Start of Block

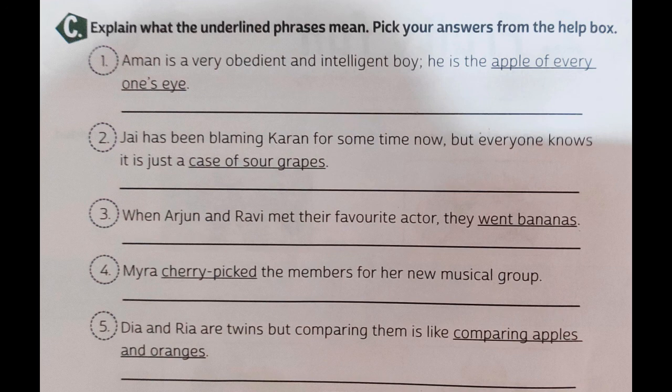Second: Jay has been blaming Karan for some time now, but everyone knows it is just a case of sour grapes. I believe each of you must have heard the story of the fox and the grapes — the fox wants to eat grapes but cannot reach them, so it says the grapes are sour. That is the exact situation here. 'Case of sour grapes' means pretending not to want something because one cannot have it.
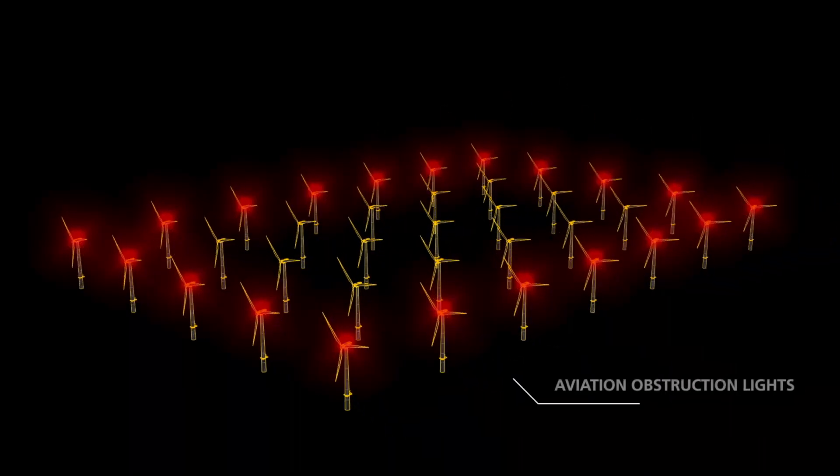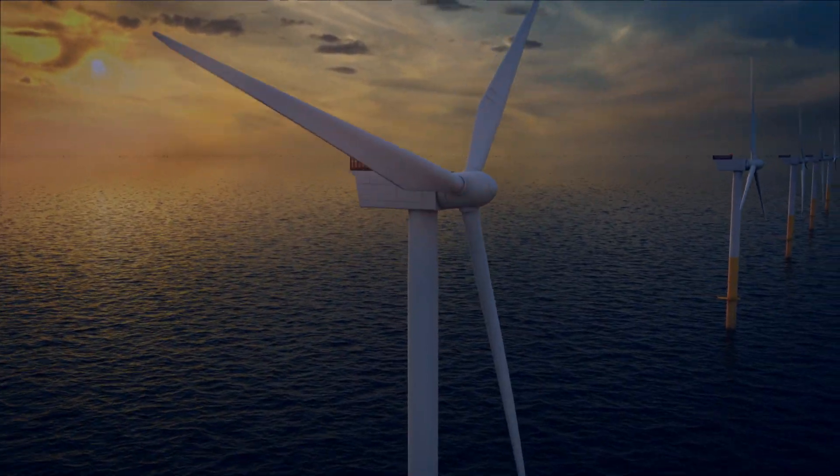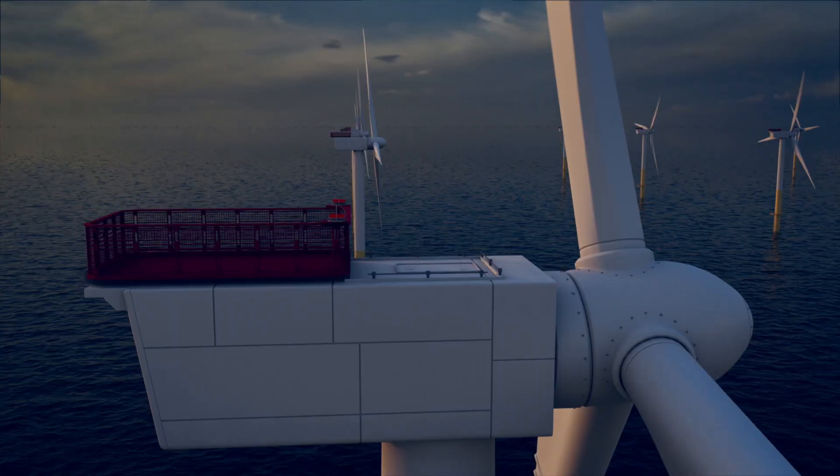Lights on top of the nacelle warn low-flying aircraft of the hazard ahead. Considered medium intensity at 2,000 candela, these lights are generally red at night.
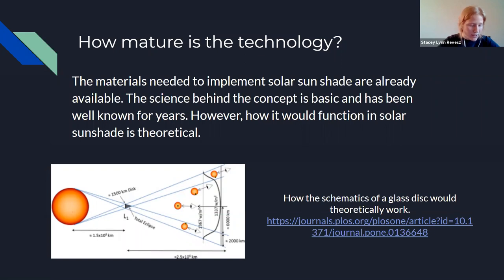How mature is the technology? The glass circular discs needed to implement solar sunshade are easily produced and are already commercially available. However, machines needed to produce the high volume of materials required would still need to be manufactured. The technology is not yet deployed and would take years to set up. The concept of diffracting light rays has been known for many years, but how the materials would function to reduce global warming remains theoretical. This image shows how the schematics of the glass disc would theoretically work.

End of Block

ABOUT THIS TASK | Everything in the material must be duplicated exactly, except the pictures.

TASK RESULT |
Second: Jay has been blaming Karan for some time now, but everyone knows it is just a case of sour grapes. I believe each of you must have heard the story of the fox and the grapes — the fox wants to eat grapes but cannot reach them, so it says the grapes are sour. That is the exact situation here. 'Case of sour grapes' means pretending not to want something because one cannot have it.
Lights on top of the nacelle warn low-flying aircraft of the hazard ahead. Considered medium intensity at 2,000 candela, these lights are generally red at night.
How mature is the technology? The glass circular discs needed to implement solar sunshade are easily produced and are already commercially available. However, machines needed to produce the high volume of materials required would still need to be manufactured. The technology is not yet deployed and would take years to set up. The concept of diffracting light rays has been known for many years, but how the materials would function to reduce global warming remains theoretical. This image shows how the schematics of the glass disc would theoretically work.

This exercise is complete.